Wij mochten met de voorzitter mee terugrijden naar Heemstede en vertoefden nog een wijle in de ontvangstruimte van Volendam, waar de bestuurders van beide clubs de wedstrijd nabespraken. Paul ontwikkelde nog een charmeoffensief naar de dames die met de schalen lekkers rondgingen. “Wat heeft u een mooie jurk aan, die staat u prachtig” of “U verwent ons wel met al dat lekkers”. De dames namen de complimenten met een verlegen glimlach in ontvangst.
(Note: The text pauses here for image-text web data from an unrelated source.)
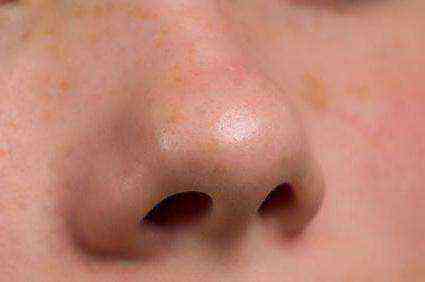 Основные симптомы перелома носа у детей
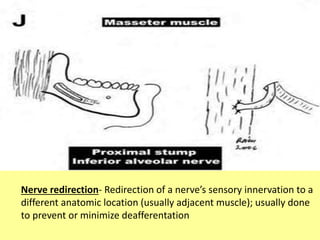 Nerve redirection- Redirection of a nerve’s sensory innervation to a
different anatomic location (usually adjacent muscle); usually done
to prevent or minimize deafferentation
 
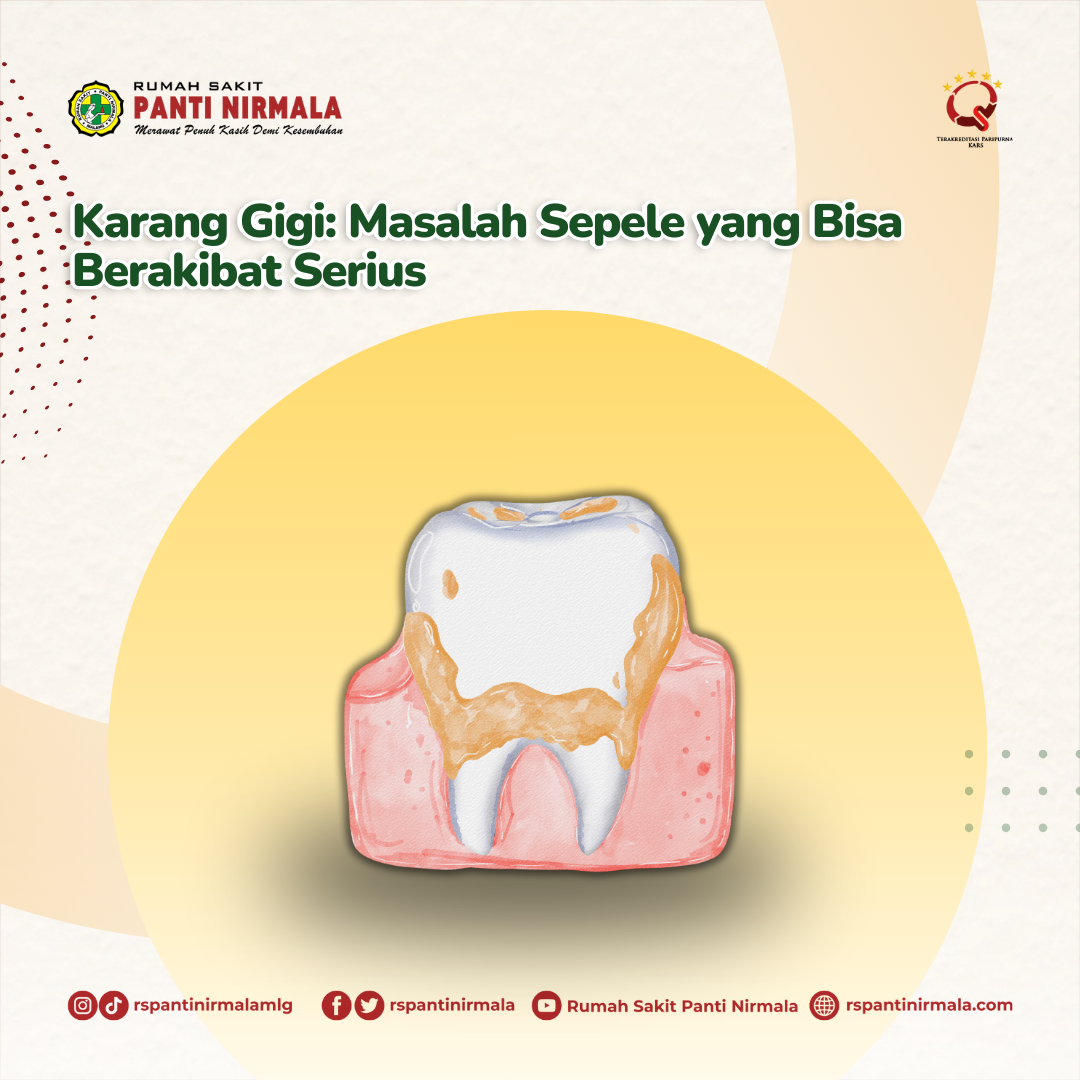Karang Gigi: Masalah Sepele yang Bisa Berakibat Serius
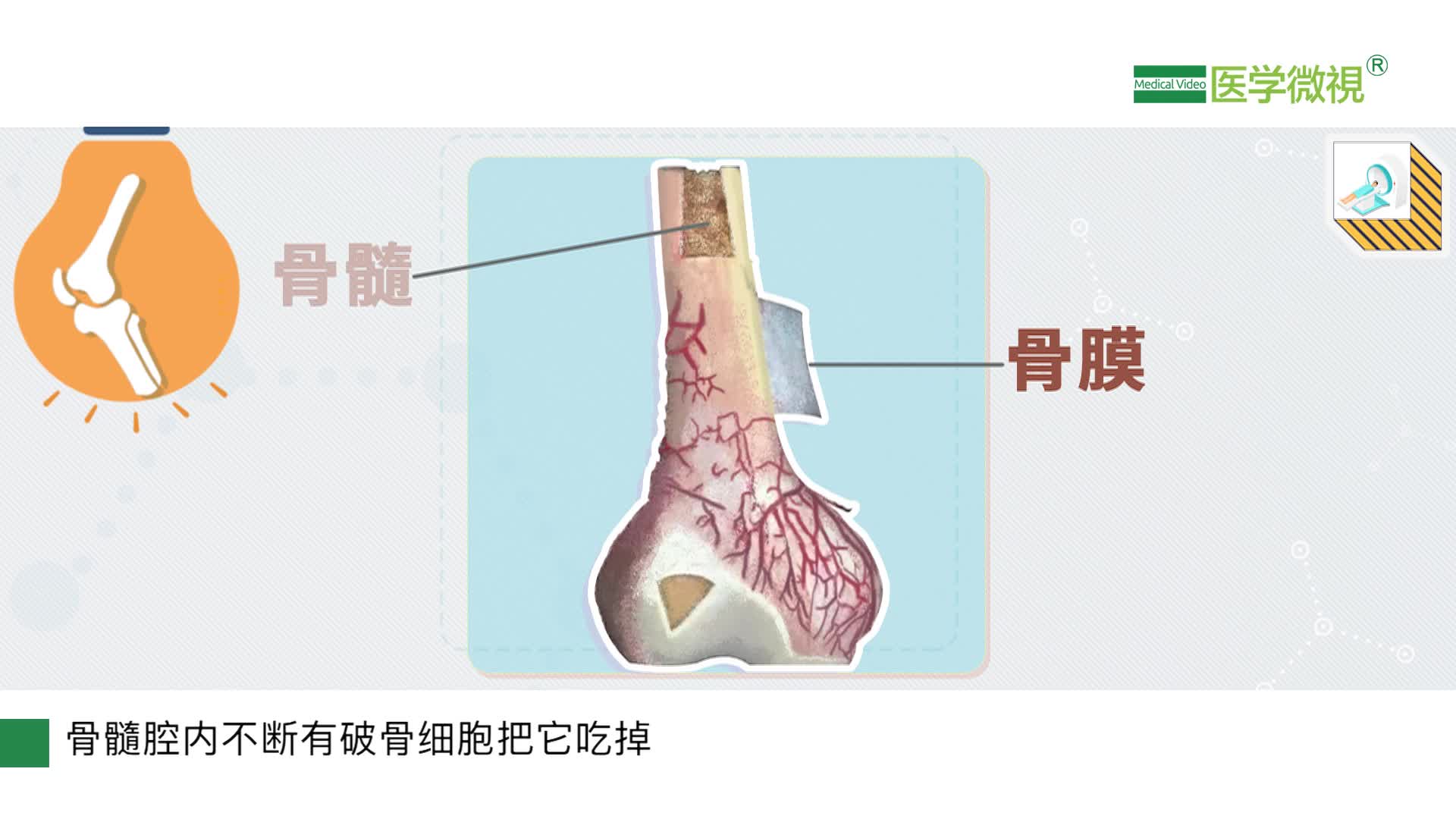 骨膜增生是怎么回事影像学表现上有什么特点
Op de terugweg werden wij bijgepraat door de voorzitter over de stand van zaken met betrekking tot de nieuwbouw. Hij was vol enthousiasme en kon eigenlijk niet wachten op de start van de bouw, maar er moesten nog een paar kleine hobbels worden genomen. Iedereen die aan het project werkte kreeg een grote pluim van de voorzitter. Hij was bijzonder trots dat dat allemaal binnen de club en in harmonie door eigen leden voor elkaar werd gemaakt. De terugreis was in drie kwartier voltooid, Paul voor de deur thuis afgezet en ik bij het station om mijn fiets uit de stalling te halen. Ondanks een teleurstellend gelijkspel was het toch een dag die meer dan de moeite waard was geweest. Ik bleef alleen met de vraag zitten en ik moet het eens aan Gertjan vragen. ‘Wat is nu de juiste manier om tegen 10 man te spelen en succesvol te zijn’. Hij weet natuurlijk hoe dat moet!